- **Assignment**
When the line with "Necklace Set 3" appears below, start repeating lines exactly, and keep going through the line with "Stylized Profile of"; add nothing outside that span.

Items listed in a dataset:
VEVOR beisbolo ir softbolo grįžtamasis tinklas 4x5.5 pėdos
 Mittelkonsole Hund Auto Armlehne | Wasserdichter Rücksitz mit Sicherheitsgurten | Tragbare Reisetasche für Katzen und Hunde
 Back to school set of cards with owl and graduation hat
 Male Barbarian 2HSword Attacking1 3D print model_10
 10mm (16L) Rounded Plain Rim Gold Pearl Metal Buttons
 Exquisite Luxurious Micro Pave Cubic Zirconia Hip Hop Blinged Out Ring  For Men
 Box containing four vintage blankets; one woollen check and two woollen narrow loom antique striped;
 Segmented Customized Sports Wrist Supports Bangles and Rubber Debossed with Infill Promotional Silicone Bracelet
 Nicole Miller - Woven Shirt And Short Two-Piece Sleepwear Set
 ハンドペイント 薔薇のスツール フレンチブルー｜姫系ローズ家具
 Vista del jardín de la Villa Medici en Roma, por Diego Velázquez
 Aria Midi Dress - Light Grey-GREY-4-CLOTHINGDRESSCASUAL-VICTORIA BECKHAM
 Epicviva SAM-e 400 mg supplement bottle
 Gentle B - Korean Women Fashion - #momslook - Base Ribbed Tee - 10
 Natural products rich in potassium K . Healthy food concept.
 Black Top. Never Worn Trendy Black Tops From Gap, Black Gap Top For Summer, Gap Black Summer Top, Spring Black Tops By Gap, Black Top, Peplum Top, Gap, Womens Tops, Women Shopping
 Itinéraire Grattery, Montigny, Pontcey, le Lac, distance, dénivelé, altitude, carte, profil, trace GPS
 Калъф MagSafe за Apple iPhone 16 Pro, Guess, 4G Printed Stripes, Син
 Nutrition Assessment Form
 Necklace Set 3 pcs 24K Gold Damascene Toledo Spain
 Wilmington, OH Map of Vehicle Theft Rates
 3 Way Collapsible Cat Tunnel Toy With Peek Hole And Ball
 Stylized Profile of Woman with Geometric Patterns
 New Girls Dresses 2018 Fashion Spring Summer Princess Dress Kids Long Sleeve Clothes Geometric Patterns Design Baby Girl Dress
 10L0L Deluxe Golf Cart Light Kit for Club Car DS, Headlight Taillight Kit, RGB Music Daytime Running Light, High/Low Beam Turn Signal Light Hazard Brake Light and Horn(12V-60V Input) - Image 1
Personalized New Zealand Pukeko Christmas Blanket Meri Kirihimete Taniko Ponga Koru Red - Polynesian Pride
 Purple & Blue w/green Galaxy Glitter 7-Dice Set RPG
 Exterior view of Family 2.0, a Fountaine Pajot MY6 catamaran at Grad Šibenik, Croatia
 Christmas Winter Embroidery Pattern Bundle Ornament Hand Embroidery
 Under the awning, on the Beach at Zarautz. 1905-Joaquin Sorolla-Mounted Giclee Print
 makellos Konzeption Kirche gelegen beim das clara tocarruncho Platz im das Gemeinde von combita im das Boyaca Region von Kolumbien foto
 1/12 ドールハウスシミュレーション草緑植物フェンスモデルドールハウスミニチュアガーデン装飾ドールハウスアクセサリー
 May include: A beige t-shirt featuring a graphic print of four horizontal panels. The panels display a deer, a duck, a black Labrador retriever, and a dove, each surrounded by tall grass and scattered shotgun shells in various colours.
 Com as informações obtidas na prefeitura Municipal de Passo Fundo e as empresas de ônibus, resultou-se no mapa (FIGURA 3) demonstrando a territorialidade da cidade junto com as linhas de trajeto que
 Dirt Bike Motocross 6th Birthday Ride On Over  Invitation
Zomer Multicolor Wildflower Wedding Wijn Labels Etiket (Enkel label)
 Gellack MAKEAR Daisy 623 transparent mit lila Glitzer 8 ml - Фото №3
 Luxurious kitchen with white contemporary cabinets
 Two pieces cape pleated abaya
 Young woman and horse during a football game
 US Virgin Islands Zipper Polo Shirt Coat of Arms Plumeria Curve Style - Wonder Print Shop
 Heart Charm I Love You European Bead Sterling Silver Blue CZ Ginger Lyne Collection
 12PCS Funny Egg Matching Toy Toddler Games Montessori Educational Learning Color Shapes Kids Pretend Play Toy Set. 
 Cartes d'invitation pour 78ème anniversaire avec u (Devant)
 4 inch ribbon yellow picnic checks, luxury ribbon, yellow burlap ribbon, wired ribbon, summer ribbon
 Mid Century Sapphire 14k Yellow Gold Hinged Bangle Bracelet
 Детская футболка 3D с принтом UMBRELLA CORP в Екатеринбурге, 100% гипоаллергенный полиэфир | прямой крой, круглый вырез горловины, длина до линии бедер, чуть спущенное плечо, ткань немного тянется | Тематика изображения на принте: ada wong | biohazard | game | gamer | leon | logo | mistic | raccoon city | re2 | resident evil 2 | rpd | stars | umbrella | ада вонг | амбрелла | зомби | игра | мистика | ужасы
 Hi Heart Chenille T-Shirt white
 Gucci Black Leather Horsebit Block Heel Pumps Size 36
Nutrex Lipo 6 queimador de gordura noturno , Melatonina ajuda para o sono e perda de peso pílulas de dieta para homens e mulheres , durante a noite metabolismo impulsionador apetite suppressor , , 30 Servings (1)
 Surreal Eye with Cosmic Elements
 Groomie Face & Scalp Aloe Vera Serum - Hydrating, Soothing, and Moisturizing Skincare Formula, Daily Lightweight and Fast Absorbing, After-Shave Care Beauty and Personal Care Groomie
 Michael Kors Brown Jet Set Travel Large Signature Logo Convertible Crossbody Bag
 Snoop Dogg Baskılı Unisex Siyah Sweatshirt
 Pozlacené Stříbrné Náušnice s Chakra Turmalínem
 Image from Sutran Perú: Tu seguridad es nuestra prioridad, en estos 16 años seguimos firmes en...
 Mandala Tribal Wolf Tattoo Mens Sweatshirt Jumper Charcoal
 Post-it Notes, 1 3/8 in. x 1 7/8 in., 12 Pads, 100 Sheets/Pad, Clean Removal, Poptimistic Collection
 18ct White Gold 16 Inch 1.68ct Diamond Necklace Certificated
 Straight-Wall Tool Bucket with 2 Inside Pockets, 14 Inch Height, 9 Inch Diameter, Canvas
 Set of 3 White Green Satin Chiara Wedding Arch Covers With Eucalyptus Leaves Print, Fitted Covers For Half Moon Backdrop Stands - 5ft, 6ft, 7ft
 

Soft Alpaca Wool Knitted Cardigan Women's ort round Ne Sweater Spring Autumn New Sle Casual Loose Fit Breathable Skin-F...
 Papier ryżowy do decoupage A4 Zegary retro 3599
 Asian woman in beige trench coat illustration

- **Completed exercise**
 Necklace Set 3 pcs 24K Gold Damascene Toledo Spain
 Wilmington, OH Map of Vehicle Theft Rates
 3 Way Collapsible Cat Tunnel Toy With Peek Hole And Ball
 Stylized Profile of Woman with Geometric Patterns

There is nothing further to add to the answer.